SUPPLIED DATA
-- -- --
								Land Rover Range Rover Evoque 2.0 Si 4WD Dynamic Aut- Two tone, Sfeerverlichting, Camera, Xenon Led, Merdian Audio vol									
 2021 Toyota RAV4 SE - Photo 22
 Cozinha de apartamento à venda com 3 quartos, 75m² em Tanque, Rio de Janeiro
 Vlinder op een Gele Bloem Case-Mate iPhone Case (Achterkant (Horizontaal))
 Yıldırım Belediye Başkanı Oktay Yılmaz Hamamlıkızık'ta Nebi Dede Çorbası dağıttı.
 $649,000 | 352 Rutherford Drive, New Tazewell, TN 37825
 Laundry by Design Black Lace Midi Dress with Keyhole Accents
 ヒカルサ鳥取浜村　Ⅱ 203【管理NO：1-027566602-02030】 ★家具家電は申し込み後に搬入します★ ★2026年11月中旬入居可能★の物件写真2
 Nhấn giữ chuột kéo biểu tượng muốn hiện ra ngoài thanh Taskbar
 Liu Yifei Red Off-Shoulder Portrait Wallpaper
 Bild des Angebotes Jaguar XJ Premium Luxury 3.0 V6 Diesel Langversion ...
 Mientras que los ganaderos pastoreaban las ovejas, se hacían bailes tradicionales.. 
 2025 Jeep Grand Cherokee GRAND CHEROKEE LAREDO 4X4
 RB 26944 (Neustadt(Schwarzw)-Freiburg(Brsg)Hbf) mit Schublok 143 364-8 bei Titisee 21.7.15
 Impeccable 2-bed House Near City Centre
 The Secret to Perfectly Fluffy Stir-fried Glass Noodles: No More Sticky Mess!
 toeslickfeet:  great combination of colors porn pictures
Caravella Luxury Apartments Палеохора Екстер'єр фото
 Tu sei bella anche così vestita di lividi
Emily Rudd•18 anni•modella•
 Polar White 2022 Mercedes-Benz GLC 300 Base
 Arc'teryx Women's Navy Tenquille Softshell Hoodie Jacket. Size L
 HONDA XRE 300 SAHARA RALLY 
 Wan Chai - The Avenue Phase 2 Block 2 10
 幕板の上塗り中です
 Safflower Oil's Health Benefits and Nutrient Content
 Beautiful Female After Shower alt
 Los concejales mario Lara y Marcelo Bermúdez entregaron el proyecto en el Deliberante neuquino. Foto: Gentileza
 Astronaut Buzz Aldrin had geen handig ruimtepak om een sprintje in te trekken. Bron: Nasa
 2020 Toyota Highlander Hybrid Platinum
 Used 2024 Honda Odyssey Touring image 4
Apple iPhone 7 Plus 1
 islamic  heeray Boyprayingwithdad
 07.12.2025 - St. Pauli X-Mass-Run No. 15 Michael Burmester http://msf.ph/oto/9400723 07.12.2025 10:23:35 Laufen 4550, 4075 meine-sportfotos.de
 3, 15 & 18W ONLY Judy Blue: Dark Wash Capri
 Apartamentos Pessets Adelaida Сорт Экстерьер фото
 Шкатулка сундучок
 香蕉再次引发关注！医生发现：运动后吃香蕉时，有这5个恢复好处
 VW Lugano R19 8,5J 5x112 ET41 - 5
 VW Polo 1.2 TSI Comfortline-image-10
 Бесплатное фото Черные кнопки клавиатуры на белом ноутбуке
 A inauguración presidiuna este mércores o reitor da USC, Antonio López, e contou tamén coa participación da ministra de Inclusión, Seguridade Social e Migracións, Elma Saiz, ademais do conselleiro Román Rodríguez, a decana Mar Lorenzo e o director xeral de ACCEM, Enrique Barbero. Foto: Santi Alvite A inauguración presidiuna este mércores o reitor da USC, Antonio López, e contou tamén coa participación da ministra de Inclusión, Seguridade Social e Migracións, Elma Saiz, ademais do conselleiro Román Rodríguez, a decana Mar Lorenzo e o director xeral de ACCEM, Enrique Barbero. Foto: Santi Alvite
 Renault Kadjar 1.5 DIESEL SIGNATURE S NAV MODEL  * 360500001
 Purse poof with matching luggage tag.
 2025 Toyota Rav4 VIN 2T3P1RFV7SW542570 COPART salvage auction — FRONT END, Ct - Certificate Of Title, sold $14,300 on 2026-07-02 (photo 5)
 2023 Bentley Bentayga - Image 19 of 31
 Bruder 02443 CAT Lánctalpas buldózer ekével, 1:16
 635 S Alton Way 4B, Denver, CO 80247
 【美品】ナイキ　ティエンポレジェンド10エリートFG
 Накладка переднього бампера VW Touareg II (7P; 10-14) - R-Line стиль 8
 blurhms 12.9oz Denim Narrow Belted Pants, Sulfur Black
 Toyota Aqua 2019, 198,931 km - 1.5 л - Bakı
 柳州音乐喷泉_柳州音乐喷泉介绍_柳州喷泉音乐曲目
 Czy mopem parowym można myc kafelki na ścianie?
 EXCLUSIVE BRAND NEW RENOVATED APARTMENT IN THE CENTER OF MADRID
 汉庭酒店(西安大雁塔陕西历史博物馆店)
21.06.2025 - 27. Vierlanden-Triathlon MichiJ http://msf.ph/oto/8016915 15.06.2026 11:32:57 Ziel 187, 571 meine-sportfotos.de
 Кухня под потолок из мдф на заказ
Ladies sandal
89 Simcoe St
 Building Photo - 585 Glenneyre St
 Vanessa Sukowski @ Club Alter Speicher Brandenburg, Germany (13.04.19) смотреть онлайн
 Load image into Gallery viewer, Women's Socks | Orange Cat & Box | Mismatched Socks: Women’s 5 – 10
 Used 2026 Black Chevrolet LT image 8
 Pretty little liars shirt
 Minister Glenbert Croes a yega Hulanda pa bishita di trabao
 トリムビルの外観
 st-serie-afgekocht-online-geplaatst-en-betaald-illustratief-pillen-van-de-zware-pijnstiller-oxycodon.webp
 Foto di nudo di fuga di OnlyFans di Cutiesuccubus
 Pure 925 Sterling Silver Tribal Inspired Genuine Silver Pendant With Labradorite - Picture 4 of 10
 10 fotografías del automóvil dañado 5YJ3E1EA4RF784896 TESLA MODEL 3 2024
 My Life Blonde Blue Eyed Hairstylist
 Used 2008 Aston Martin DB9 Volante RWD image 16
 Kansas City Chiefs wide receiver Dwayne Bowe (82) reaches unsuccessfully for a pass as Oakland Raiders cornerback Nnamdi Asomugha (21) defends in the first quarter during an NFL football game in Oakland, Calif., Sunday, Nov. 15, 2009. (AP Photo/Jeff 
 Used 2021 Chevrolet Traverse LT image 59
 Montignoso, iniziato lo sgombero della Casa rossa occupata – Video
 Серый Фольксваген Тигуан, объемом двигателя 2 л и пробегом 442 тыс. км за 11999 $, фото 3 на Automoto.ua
-- -- --
State how many lines in the records above contain the word "Black", and give only that number.

3